A Brief History of Memorial Day
Originally called Decoration Day, Memorial Day is a day of remembrance for those who have died in service to our country. It was first widely observed on May 30, 1868, to commemorate the sacrifices of Civil War soldiers, by proclamation of General John A. Logan of the Grand Army of the Republic, an organization of former sailors and soldiers.
During the first national celebration, General James Garfield made a speech at Arlington National Cemetery, after which 5,000 participants helped to decorate the graves of the more than 20,000 Union and Confederate soldiers who were buried there. This event was inspired by local observances of the day that had taken place in several towns throughout America in the three years since the Civil War. By the late 1800s, many more cities and communities had begun to observe Memorial Day, and after World War I, it became a occasion for honoring those who had died in all America’s wars.

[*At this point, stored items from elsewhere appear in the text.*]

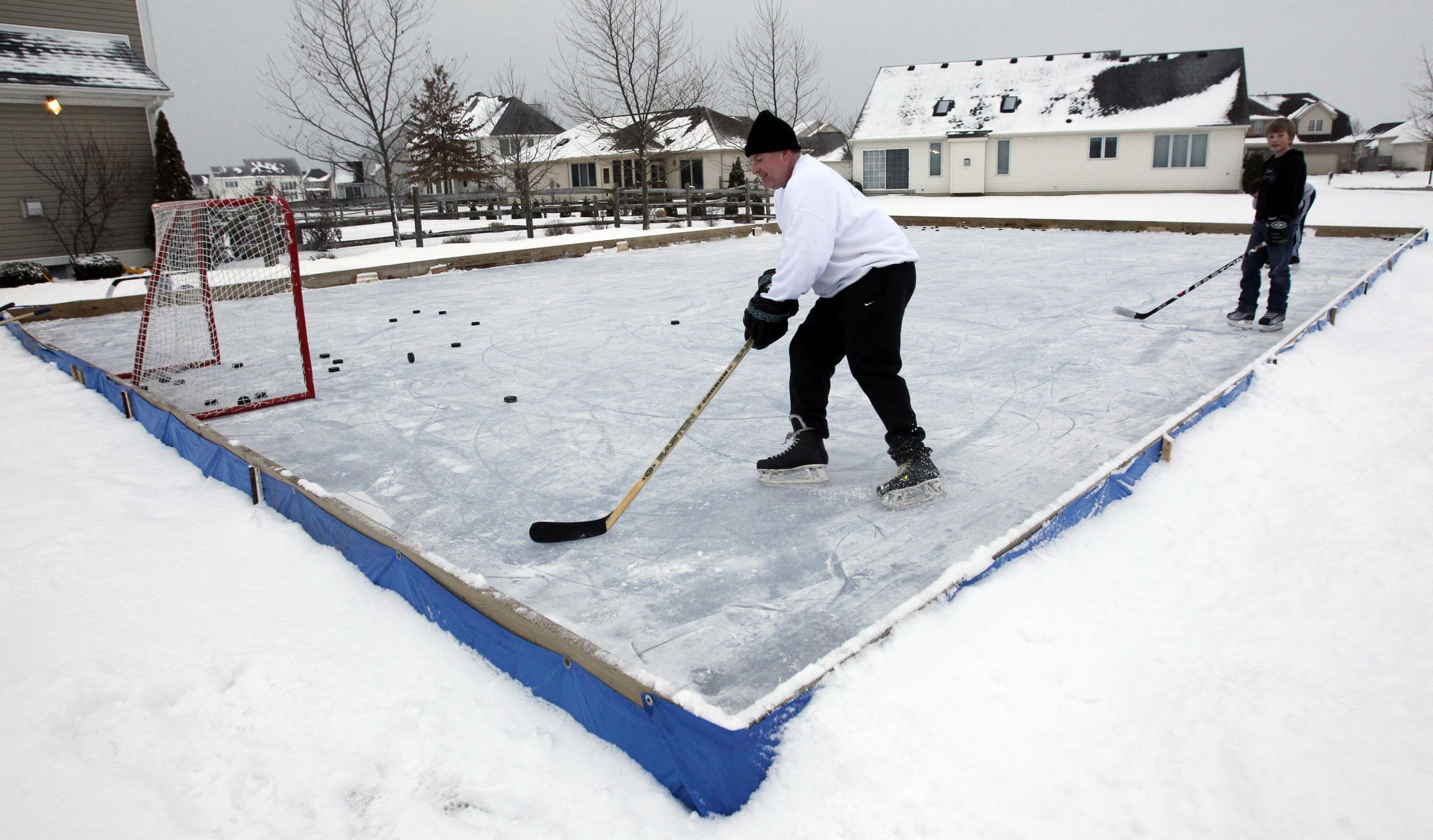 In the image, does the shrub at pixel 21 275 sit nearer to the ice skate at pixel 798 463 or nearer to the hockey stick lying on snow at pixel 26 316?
the hockey stick lying on snow at pixel 26 316

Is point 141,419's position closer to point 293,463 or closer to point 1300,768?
point 293,463

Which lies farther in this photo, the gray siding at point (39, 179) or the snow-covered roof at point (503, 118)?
the snow-covered roof at point (503, 118)

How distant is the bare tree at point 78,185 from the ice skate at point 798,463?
1371cm

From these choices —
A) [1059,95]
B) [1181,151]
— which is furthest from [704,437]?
[1059,95]

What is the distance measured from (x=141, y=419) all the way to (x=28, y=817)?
3.26m

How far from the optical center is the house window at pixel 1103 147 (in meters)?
26.1

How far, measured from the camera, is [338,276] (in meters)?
9.91

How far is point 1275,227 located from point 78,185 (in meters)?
15.2

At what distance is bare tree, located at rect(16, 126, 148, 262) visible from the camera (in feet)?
40.9

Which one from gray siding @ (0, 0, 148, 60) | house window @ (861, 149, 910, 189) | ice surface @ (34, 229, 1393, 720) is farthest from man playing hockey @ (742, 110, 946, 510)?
house window @ (861, 149, 910, 189)

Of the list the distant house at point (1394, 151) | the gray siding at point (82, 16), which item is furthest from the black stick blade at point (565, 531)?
the distant house at point (1394, 151)

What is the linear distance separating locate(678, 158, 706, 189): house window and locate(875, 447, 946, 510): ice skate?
27.9 m

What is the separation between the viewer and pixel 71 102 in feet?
41.2

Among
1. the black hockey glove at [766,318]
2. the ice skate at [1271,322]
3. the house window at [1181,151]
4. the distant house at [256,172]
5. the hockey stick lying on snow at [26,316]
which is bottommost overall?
the ice skate at [1271,322] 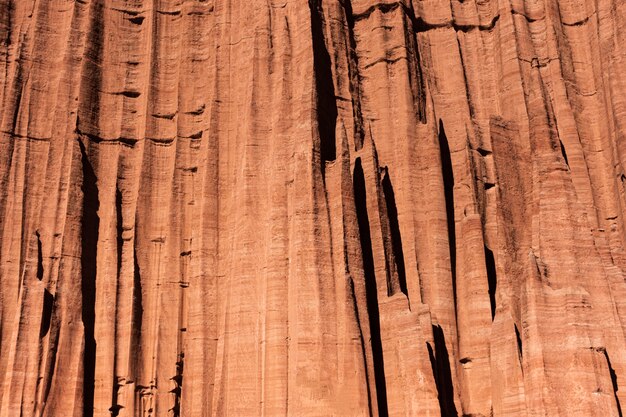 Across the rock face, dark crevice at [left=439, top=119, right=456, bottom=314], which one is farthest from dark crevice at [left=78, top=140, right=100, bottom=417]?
dark crevice at [left=439, top=119, right=456, bottom=314]

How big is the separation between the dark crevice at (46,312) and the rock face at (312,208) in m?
0.06

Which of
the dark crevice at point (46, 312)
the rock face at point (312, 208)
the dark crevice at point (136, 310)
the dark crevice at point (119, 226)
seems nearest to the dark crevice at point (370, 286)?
the rock face at point (312, 208)

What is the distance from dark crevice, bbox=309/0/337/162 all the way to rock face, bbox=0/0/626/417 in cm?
9

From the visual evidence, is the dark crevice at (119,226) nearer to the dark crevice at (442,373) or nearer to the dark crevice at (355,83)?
the dark crevice at (355,83)

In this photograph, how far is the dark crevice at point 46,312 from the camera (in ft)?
78.1

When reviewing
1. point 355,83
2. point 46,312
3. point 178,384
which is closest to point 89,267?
point 46,312

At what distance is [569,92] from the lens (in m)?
26.4

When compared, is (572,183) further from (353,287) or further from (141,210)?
(141,210)

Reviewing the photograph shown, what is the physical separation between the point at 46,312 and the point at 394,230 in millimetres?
9391

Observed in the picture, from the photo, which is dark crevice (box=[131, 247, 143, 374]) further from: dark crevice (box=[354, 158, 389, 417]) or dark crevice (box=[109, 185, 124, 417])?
dark crevice (box=[354, 158, 389, 417])

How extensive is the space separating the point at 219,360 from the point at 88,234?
5800 mm

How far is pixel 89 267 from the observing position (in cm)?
2533

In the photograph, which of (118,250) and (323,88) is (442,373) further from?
(118,250)

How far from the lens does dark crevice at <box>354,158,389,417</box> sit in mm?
21422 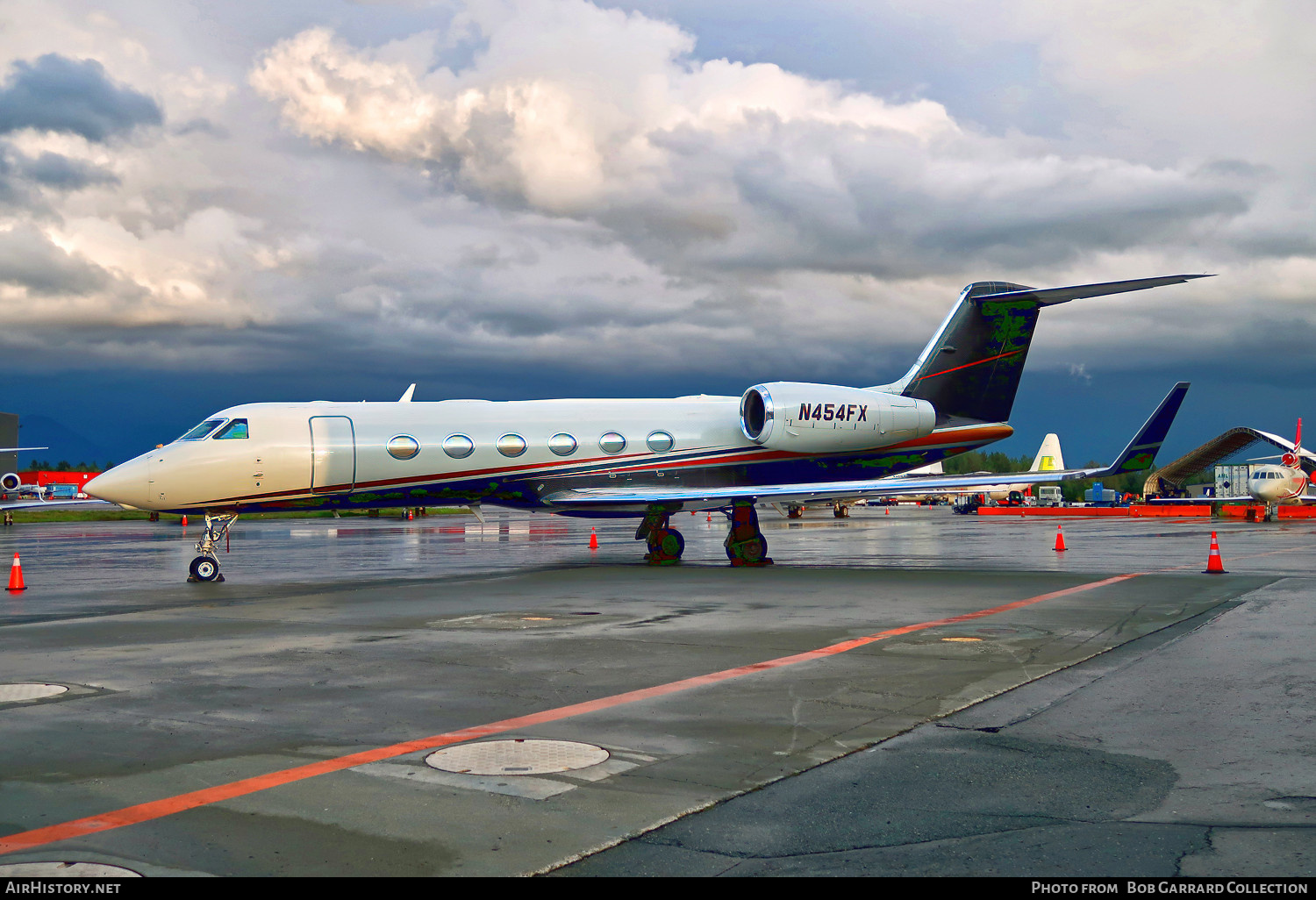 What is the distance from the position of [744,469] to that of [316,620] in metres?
11.5

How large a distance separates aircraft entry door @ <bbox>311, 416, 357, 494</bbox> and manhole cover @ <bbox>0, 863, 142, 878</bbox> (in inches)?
588

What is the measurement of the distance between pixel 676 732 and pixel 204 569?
13591mm

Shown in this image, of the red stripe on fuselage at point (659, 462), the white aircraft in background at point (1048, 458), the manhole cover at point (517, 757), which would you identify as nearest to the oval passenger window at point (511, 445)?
the red stripe on fuselage at point (659, 462)

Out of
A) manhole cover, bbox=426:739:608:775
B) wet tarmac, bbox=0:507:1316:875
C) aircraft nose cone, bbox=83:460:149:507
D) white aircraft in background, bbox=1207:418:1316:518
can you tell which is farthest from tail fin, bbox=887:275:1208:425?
white aircraft in background, bbox=1207:418:1316:518

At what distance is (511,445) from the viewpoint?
20.0 m

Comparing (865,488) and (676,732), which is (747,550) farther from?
(676,732)

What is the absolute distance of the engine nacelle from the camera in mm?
21062

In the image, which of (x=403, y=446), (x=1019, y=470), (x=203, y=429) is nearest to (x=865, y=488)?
(x=403, y=446)

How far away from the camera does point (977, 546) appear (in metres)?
28.0

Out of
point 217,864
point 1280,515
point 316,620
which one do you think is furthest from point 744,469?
point 1280,515

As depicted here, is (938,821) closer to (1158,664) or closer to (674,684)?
(674,684)

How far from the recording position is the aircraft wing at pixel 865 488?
17.9 m

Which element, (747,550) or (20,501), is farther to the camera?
(20,501)

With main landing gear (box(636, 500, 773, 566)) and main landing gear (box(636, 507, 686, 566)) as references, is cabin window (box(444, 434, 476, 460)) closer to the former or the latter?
main landing gear (box(636, 500, 773, 566))
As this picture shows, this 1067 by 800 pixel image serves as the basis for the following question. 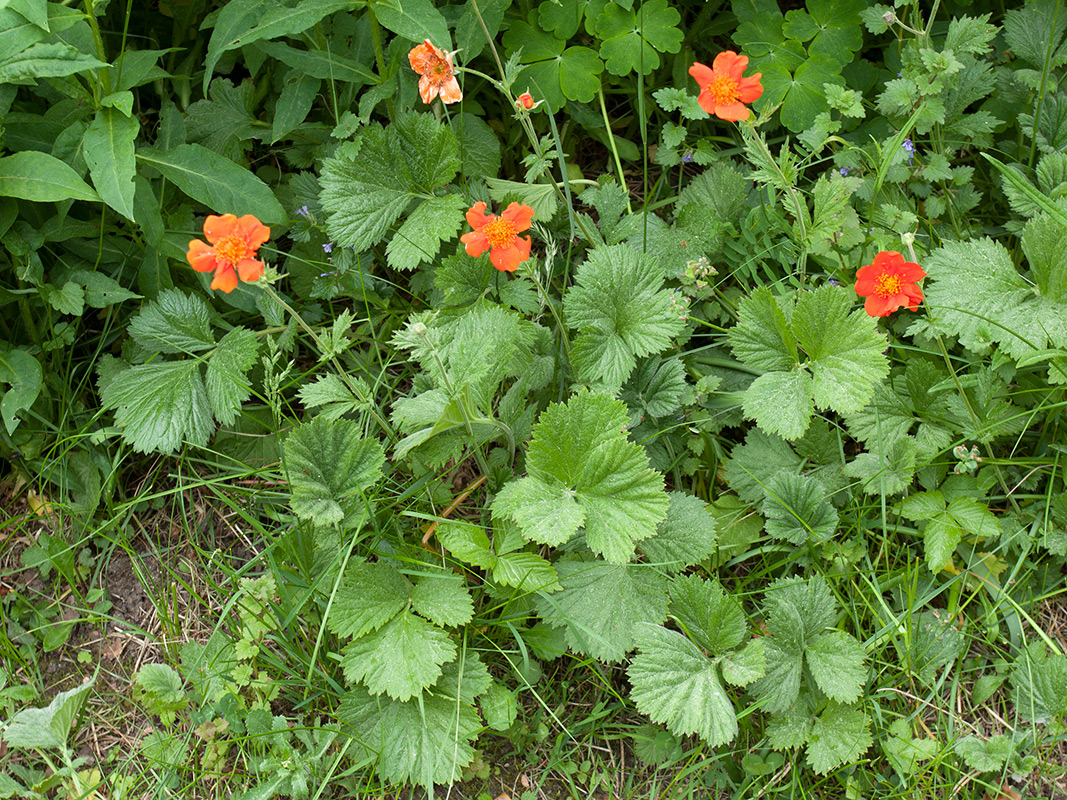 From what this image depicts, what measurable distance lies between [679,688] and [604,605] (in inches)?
9.8

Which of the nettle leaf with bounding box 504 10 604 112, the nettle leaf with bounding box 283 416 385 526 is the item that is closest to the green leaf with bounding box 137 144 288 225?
the nettle leaf with bounding box 283 416 385 526

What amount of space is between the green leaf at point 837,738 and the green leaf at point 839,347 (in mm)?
701

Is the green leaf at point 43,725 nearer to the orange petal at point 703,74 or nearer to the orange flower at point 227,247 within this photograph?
the orange flower at point 227,247

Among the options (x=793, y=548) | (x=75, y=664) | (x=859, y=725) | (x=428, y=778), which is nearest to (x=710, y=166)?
(x=793, y=548)

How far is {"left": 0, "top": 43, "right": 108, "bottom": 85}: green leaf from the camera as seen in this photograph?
1.78m

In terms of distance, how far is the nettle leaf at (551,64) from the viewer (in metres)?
2.36

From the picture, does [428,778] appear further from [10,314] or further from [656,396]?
[10,314]

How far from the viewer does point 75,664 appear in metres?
2.28

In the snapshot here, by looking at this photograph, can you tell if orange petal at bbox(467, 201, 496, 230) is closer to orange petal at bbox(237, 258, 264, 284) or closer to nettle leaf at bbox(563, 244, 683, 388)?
nettle leaf at bbox(563, 244, 683, 388)

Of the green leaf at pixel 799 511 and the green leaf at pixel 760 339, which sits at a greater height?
the green leaf at pixel 760 339

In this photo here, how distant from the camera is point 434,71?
1827 millimetres

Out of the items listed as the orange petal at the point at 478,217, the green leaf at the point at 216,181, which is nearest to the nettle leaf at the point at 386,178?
the green leaf at the point at 216,181

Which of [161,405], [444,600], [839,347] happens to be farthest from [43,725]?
[839,347]

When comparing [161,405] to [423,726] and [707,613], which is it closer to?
[423,726]
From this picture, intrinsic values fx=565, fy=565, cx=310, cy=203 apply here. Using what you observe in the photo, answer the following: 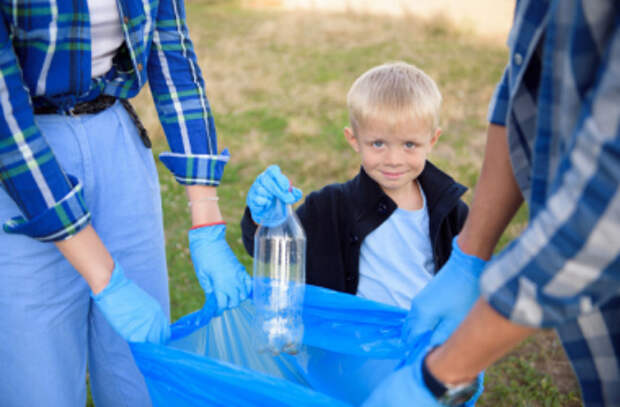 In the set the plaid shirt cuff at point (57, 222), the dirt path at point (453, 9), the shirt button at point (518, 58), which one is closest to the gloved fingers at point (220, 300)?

Memorial Day is celebrated at Arlington National Cemetery each year with a ceremony in which a small American flag is placed on each grave. Traditionally, the President or Vice President lays a wreath at the Tomb of the Unknown Soldier. About 5,000 people attend the ceremony annually.
In 1971, Congress declared Memorial Day a national holiday to be celebrated on the last Monday of May. Several southern states, however, have an additional, separate day for honoring the Confederate war dead: January 19 in Texas; April 26 in Alabama, Florida, Georgia, and Mississippi; May 10 in South Carolina; and June 3 in Louisiana and Tennessee.